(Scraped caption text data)
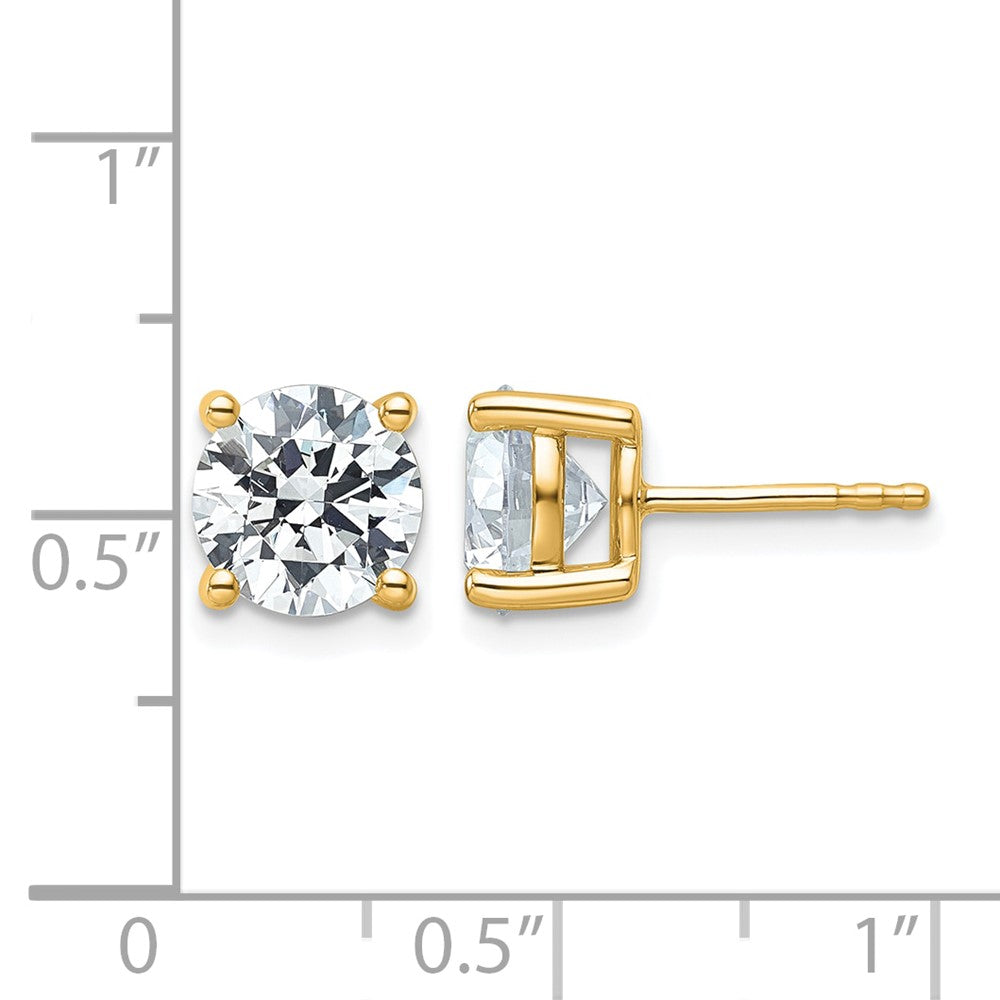 14K Gelbgold Ohrstecker mit 4 ct. zertifizierten, im Labor gezüchteten Diamanten, VS/SI+ G+, rund, 4-Krappen-Fassung, hohes Gewicht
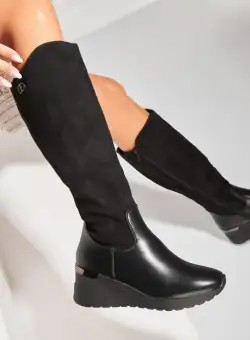 Cizme Dama Imblanite Negre din Piele Ecologica Intoarsa lhan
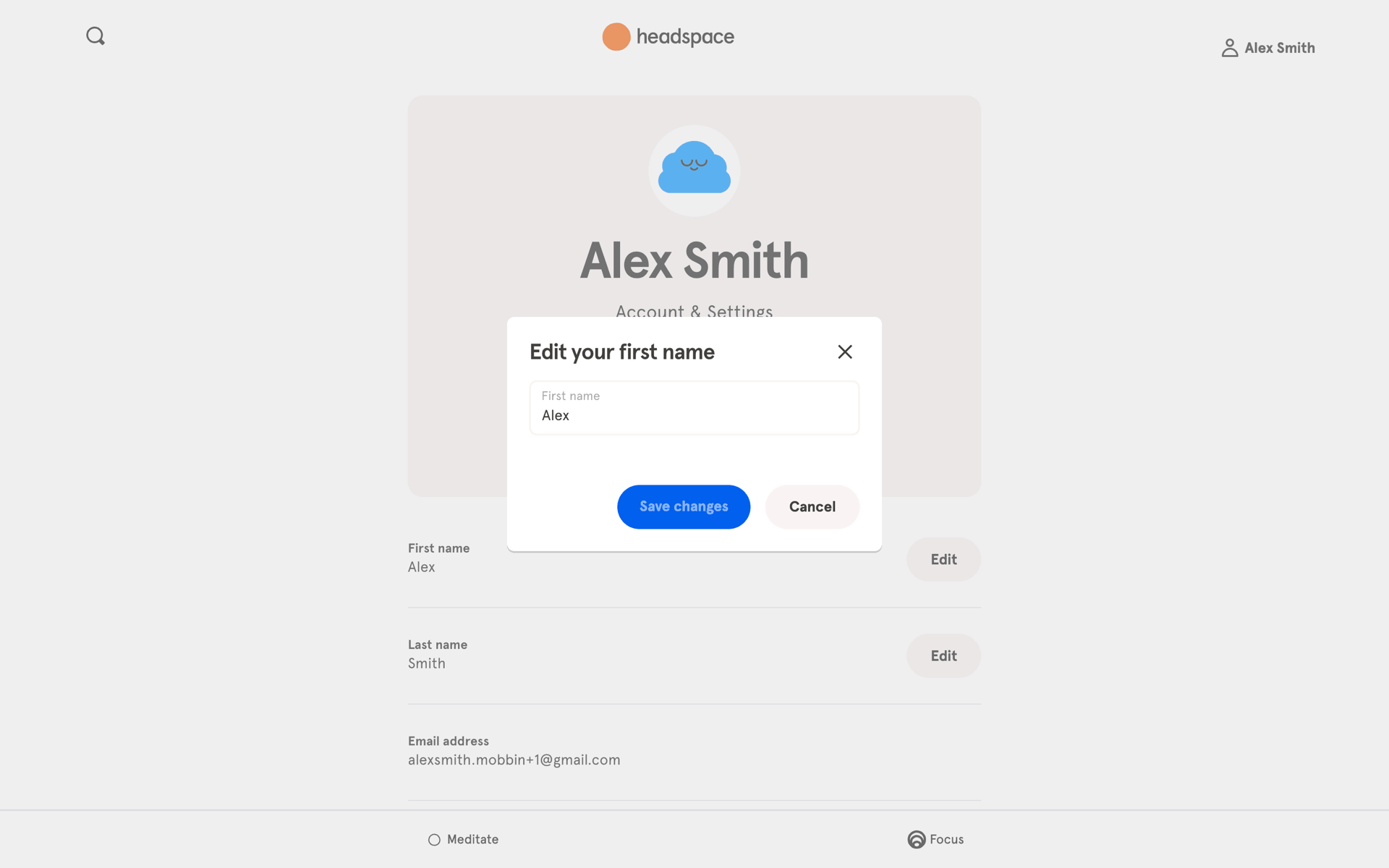Headspace Web Health & Fitness interface screenshot 19
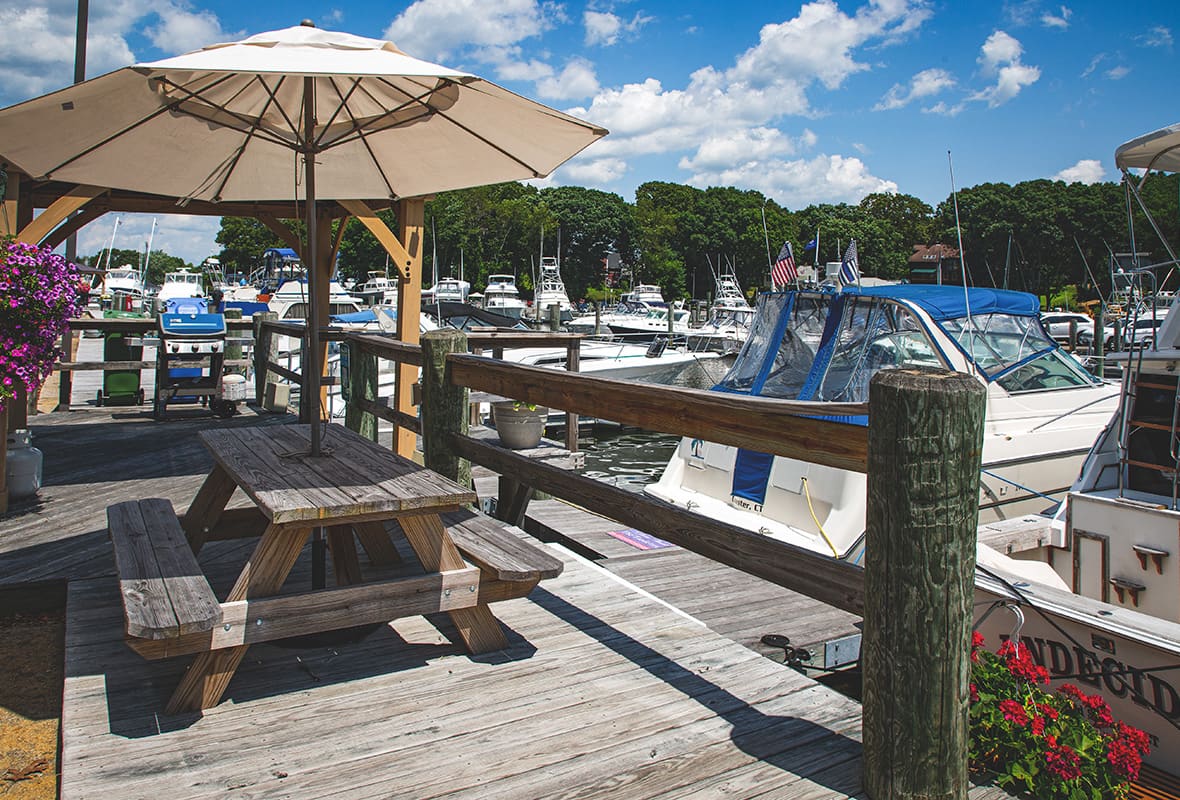 Picnic table by water
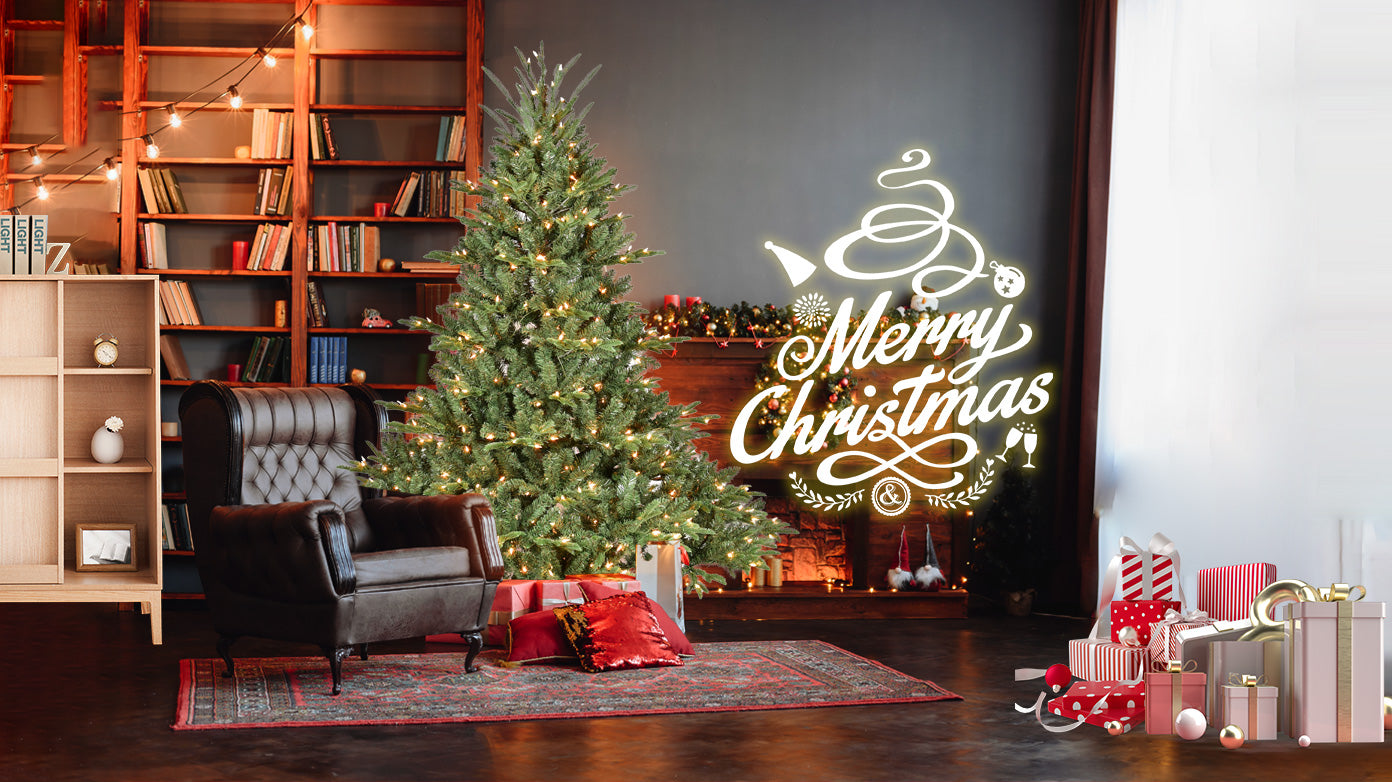 4FT Full-Shape Christmas Tree with 150 UL Lights – PE/PVC Mixed Branches, 673 Tips, Wide Base for Spacious Areas, Hinged Structure, Stable Metal Stand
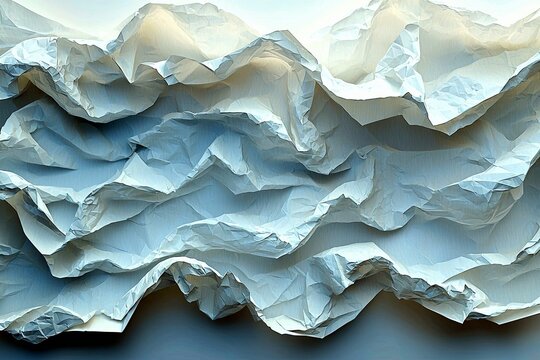 A close-up, abstract view of crumpled white paper, showing layers of folds and shadows that create a textured, mountainous landscape.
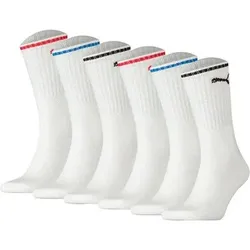 PUMA Unisex Sport-Socken, 6er Pack - Sport Crew Stripe, Tennissocken, Streifen, Größe 43-46 in Weiß Weiß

WHAT YOU ARE ASKED TO DO —
Reproduce the data above exactly, but only from the line containing "Headspace Web Health" through the line containing "A close-up, abstract". Omit all pictures.

RESPONSE BOX —
Headspace Web Health & Fitness interface screenshot 19
 Picnic table by water
 4FT Full-Shape Christmas Tree with 150 UL Lights – PE/PVC Mixed Branches, 673 Tips, Wide Base for Spacious Areas, Hinged Structure, Stable Metal Stand
 A close-up, abstract view of crumpled white paper, showing layers of folds and shadows that create a textured, mountainous landscape.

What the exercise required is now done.